In making the above assessment, consideration has been given to the fair value
hierarchy set out in IFRS 13. Fair value hierarchy levels 1 to 3 are based on
the degree to which the fair value is observable:
· Level 1 fair value measurements are those derived from quoted
prices (unadjusted) in active markets for identical assets or liabilities;
· Level 2 fair value measurements are those derived from inputs
other than quoted prices included with Level 1 that are observable for the
asset or liability, either directly (i.e. as prices) or indirectly (i.e.
derived from prices); and
· Level 3 fair value measurements are those derived from valuation
techniques that include inputs for the asset or liability that are not based
on observable market date (unobservable inputs).
The fair value of the Notes disclosed above is based on Level 1 in the
hierarchy.
The financial assets balance includes a $3.1 million provision against trade
receivables (2021: $1.1 million) (see note 14 (#_14_Trade_and) ). All
financial assets, except derivatives designated as a hedge, are measured at
amortised cost.
Capital Risk Management
The Group manages its capital to ensure that the entities within the Group
will be able to continue as going concerns while maximising the return to
stakeholders through the optimisation of the debt and equity structure. The
capital structure of the Group consists of cash, cash equivalents, Notes (in
prior year) and equity attributable to equity holders of the parent.
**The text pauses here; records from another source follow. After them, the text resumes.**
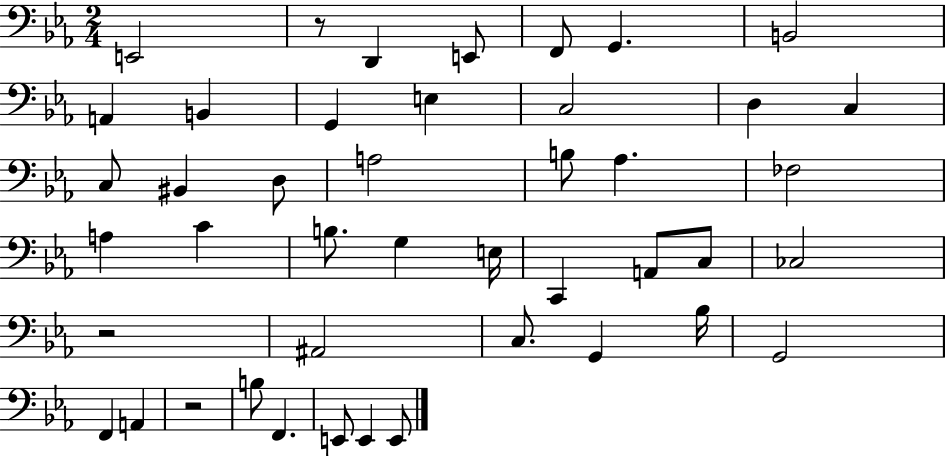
{
  \clef bass
  \numericTimeSignature
  \time 2/4
  \key ees \major
  \repeat volta 2 { e,2 | r8 d,4 e,8 | f,8 g,4. | b,2 | \break a,4 b,4 | g,4 e4 | c2 | d4 c4 | \break c8 bis,4 d8 | a2 | b8 aes4. | fes2 | \break a4 c'4 | b8. g4 e16 | c,4 a,8 c8 | ces2 | \break r2 | ais,2 | c8. g,4 bes16 | g,2 | \break f,4 a,4 | r2 | b8 f,4. | e,8 e,4 e,8 | \break } \bar "|."
}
Equity
comprises issued capital, reserves and accumulated losses as disclosed in note
20 (#_20_Share_capital) and the Consolidated statement of changes in equity.
Capital Structure
The Company's Board of Directors reviews the capital structure on a regular
basis and will make adjustments in light of changes in economic conditions. As
part of this review, the Board considers the cost of capital and the risks
associated with each class of capital.
Significant Accounting Policies
Details of the significant accounting policies and methods adopted, including
the criteria for recognition, the basis of measurement and the basis on which
income and expenses are recognised, in respect of each class of financial
asset, financial liability and equity instrument are disclosed in the Summary
of significant accounting policies.
Financial Risk Management Objectives
The Group's management monitors and manages the financial risks relating to
the operations of the Group. These financial risks include market risk
(including commodity price, currency and fair value interest rate risk),
credit risk, liquidity risk and cash flow interest rate risk.
As at year end, the Group did not hold any derivative assets to hedge against
commodity price declines or any other financial risks. The Group does not use
derivative financial instruments for speculative purposes.
The risks are closely reviewed by the Board on a regular basis and, where
appropriate, steps are taken to ensure these risks are minimised.
Market risk
The Group's activities expose it primarily to the financial risks of changes
in oil prices, foreign currency exchange rates and changes in interest rates
in relation to the Group's cash balances.
There have been no changes to the Group's exposure to other market risks. The
risks are monitored by the Board on a regular basis.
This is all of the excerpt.